Ever tried to sum up all numbers from 1 to 2,000,000 in your favorite programming language? The result is easy to calculate manually: 2,000,001,000,000, which some 900 times larger than the maximum value of an unsigned 32bit integer.
C# prints out -1453759936
– a negative value! And I guess Java does the same.
That means there are some common programming languages which ignore Arithmetic Overflow by default (in C#, there are hidden options for changing that). That's a behavior which looks very risky to me, and wasn't the crash of Ariane 5 caused by such an overflow?

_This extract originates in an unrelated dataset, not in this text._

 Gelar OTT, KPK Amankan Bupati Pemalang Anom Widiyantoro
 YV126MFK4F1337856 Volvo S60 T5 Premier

So: what are the design decisions behind such a dangerous behavior?
Edit:
The first answers to this question express the excessive costs of checking. Let's execute a short C# program to test this assumption:
Stopwatch watch = Stopwatch.StartNew();
checked
{
for (int i = 0; i < 200000; i++)
{
int sum = 0;
for (int j = 1; j < 50000; j++)
{
sum += j;
}
}
}
watch.Stop();
Console.WriteLine(watch.Elapsed.TotalMilliseconds);
On my machine, the checked version takes 11015ms, while the unchecked version takes 4125ms. I.e. the checking steps take almost twice as long as adding the numbers (in total 3 times the original time). But with the 10,000,000,000 repetitions, the time taken by a check is still less than 1 nanosecond. There may be situation where that is important, but for most applications, that won't matter.
Edit 2:
I recompiled our server application (a Windows service analyzing data received from several sensors, quite some number crunching involved) with the /p:CheckForOverflowUnderflow="false"
parameter (normally, I switch the overflow check on) and deployed it on a device. Nagios monitoring shows that the average CPU load stayed at 17%.
This means that the performance hit found in the made-up example above is totally irrelevant for our application.
Best Answer
There are 3 reasons for this:
The cost of checking for overflows (for every single arithmetic operation) at run-time is excessive.
The complexity of proving that an overflow check can be omitted at compile-time is excessive.
In some cases (e.g. CRC calculations, big number libraries, etc) "wrap on overflow" is more convenient for programmers.